Having Uncomfortable Conversations About Money - trcull
http://blog.quoteroller.com/2013/09/19/uncomfortable-conversations-about-money/

======
jonnathanson
A lot of good points, but this one I'm not sure I can agree with:

 _" Back yourself into a coner - Nothing makes asking for more money easier
than not having an alternative."_

Maybe that makes the conversation more urgent and steels your nerves. I could
see how there'd be a psychological benefit there. But the best way to build
leverage in a negotiation is to have a strong hand before starting the
negotiation. This concept is known in behavioral sciences and business theory
as BATNA ("best alternative to a negotiated agreement"). In layman's terms,
it's your Plans B, C, D, etc. The stronger your backup options, the better
your position in the discussion.

This correlates with the market-based theory discussed in the article ("If you
can find someone to pay you X, you're worth X").
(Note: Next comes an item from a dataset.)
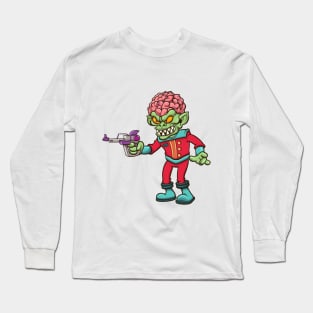 Evil Alien With Space Gun Long Sleeve T-Shirt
You increase your chances of
getting X if you can get Backup Y as close to X as possible.

Glassdoor is extremely helpful for leveling a lot of the information
asymmetries that push a money discussion in the employer's or client's favor.
But Glassdoor isn't the same as leverage. Just because a typical Role X makes
$Y doesn't mean _you_ are entitled to that...unless you convince the market
that you should be, i.e., by getting someone to give you that much (or more).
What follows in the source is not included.